Bain e Chiad estavam agachadas, tranquilas, junto ao Guia, e Loial e Faile assentaram os cavalos ali perto, com os lampiões em mãos. O Ogier segurava as rédeas dos cavalos de cargas, e as orelhas peludas se contorciam enquanto olhava de Faile para Perrin, depois de volta para Faile. A jovem, por outro lado, parecia absorta em ajustar as luvas de cavalgada, de couro verde macio e com falcões dourados bordados no dorso. Também trocara de vestido. O novo tinha o mesmo corte, com gola alta e saias divididas, mas era de uma seda brocada verde-escura, e parecia enfatizar o busto. Perrin nunca a vira naquele vestido.
— O que é que você quer? — perguntou, desconfiado.
Faile olhou para cima, como se estivesse surpresa em vê-lo, inclinou a cabeça, pensativa, depois sorriu, como se acabasse de lhe ocorrer a resposta.
— Ah, sim. Queria saber se você aprendia a vir quando chamo.
Ela alargou o sorriso, decerto porque ouvira o ranger dos dentes de Perrin, que esfregou o nariz. Havia um cheiro fraco de ranço por ali.
Gaul deu uma risadinha baixa.
— É feito tentar entender o sol, Perrin. Ele apenas existe, não é para ser compreendido. Você não pode viver sem ele, mas tem um preço. Assim são as mulheres.
Bain se inclinou para cochichar no ouvido de Chiad, e as duas gargalharam. Pelo jeito como olhavam para ele e Gaul, Perrin achou que não gostaria de ouvir o que as mulheres tinham achado tão engraçado.
— Não é nada disso — ressoou Loial, as orelhas se remexendo, impacientes. Ele disparou um olhar acusatório para Faile, o que não a deixou nem um pouco desconcertada. A mulher abriu um sorriso vago em resposta e retornou às luvas, ajeitando cada dedo mais uma vez. — Me desculpe, Perrin. Ela insistiu em chamar. É que chegamos. — Ele apontou para a base do Guia, atravessado por uma rachadura branca, não em direção à ponte ou à rampa, mas à escuridão. — Aqui é o Portal dos Caminhos de Manetheren, Perrin.
Perrin assentiu, sem dizer uma palavra. Não iria sugerir que seguissem adiante, para que Faile não o acusasse de tentar tomar a liderança. Esfregou o nariz outra vez, absorto — aquele cheiro de ranço, quase imperceptível, era irritante. Não daria sequer a sugestão mais sutil. Se Faile queria liderar, que liderasse. Mas a mulher subiu na sela, brincando com as luvas, obviamente esperando que ele se pronunciasse para que pudesse fazer alguma observação mordaz. Faile gostava disso, mas Perrin preferia dizer o que de fato pensava. Irritado, girou Galope, com a intenção de prosseguir sem ela e Loial. A linha levava ao Portal dos Caminhos, e ele poderia pegar a folha de Avendesora sozinho e abrir o Portal.
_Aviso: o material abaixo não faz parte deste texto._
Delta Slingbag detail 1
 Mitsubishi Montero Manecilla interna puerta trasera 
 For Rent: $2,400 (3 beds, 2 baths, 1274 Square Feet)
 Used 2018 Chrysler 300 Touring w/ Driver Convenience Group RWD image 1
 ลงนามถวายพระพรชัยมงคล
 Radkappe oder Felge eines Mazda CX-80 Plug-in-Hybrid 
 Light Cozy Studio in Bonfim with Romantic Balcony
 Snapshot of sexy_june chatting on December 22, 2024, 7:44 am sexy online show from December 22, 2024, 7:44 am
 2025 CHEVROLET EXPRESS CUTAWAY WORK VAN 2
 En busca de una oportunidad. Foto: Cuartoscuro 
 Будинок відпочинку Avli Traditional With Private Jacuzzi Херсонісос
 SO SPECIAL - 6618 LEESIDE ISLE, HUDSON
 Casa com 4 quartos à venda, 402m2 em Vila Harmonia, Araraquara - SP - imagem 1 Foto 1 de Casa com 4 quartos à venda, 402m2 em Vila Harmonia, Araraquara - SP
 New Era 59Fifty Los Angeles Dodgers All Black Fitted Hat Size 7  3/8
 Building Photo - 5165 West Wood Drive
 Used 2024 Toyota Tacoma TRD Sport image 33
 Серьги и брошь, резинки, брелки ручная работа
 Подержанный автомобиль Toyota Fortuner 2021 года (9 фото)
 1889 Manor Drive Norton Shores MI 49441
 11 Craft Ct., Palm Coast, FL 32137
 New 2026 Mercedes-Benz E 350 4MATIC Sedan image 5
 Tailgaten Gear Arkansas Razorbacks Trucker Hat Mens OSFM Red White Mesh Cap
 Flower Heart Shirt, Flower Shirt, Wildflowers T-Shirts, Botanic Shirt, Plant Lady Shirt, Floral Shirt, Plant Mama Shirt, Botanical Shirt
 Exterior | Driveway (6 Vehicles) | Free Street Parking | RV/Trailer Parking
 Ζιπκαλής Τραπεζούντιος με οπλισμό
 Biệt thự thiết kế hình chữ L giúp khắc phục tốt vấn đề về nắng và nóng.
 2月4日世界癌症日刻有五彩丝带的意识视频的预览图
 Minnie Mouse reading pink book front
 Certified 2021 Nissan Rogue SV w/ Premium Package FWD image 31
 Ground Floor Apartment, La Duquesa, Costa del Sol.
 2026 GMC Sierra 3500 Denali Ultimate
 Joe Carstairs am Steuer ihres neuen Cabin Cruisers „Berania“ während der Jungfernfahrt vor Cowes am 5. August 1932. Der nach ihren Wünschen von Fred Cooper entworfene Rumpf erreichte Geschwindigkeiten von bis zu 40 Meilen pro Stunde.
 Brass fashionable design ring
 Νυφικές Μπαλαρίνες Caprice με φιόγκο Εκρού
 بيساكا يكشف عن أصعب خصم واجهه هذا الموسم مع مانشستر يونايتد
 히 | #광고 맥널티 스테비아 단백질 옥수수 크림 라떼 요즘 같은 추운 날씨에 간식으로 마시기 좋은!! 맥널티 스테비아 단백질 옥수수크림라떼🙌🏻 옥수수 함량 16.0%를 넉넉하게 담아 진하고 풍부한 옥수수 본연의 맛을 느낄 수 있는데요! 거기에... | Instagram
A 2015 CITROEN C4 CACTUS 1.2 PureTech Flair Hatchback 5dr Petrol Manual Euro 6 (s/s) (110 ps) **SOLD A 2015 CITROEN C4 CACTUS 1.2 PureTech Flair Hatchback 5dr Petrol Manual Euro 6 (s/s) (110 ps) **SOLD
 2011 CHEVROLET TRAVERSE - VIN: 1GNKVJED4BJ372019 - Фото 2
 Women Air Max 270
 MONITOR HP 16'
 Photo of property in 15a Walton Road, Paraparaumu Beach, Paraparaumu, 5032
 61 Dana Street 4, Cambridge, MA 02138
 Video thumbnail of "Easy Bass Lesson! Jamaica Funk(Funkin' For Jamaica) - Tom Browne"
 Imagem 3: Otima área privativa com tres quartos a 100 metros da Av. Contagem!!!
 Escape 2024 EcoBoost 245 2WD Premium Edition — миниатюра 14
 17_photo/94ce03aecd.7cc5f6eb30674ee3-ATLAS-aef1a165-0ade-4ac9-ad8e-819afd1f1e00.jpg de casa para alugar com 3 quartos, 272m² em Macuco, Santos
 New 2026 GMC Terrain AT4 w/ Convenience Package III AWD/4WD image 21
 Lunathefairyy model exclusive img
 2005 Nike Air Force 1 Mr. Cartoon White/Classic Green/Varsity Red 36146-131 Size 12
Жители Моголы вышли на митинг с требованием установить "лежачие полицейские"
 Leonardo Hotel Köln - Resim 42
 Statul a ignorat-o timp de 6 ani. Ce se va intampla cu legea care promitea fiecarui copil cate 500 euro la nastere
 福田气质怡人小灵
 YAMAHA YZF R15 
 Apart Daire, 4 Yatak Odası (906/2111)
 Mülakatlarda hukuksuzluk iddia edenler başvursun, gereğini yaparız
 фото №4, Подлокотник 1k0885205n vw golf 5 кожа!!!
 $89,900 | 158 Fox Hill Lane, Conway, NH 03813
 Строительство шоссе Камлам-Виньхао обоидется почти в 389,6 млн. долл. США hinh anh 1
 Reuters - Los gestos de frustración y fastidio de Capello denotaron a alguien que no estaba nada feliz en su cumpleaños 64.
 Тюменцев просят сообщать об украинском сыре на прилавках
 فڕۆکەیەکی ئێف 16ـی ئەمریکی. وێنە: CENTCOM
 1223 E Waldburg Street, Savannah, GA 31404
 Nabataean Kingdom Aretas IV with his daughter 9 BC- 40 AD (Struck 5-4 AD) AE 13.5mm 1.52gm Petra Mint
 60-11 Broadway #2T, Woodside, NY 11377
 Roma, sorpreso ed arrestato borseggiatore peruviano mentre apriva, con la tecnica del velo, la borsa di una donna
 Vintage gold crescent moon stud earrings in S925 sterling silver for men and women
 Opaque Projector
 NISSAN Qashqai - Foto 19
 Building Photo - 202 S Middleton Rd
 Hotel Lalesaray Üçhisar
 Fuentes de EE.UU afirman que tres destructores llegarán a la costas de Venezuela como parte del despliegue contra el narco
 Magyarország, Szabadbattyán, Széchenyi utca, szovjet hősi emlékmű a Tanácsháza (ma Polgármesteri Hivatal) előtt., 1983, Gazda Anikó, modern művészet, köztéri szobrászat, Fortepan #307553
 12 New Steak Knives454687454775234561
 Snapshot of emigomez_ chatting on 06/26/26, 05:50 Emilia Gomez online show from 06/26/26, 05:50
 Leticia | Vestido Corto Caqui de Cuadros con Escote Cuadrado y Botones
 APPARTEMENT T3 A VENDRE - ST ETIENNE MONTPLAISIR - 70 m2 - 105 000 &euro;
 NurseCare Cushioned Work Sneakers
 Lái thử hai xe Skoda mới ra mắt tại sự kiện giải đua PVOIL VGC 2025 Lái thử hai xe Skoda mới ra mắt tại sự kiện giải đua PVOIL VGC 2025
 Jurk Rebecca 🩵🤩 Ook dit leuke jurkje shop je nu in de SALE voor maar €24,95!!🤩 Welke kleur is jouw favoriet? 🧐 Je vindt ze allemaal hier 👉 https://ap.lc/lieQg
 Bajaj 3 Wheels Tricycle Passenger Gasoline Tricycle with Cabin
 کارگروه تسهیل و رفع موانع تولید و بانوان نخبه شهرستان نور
De repente, seu ouvido captou um som abafado de cascos na escuridão, e o cheiro fétido fez sentido.
— Trollocs! — gritou.
Gaul deu um rodopio suave e deslizou uma lança na malha do peitoral de um Trolloc com focinho de lobo que irrompeu na luz erguendo uma espada em forma de foice. Com o mesmo movimento tranquilo, o Aiel puxou de volta a lâmina e desviou, deixando a enorme massa desabar no chão. Mas outros vieram, com seus focinhos de bode e presas de javali, bicos cruéis e chifres retorcidos, trazendo espadas curvas, machados com ponteiras e lanças enganchadas. Os cavalos se agitavam e relinchavam.
Erguendo o lampião bem alto — a ideia de encarar aquelas coisas na escuridão o fazia suar frio — Perrin agarrou uma arma e virou-se para um rosto distorcido por um focinho cheio de dentes afiados. Ficou surpreso ao perceber que fora o martelo que desamarrara dos alforjes, mas, mesmo sem a ponta afiada do machado, dez libras de aço no braço de um ferreiro ainda serviam para afastar os Trollocs, que saíam cambaleantes, guinchando e agarrando os rostos destruídos.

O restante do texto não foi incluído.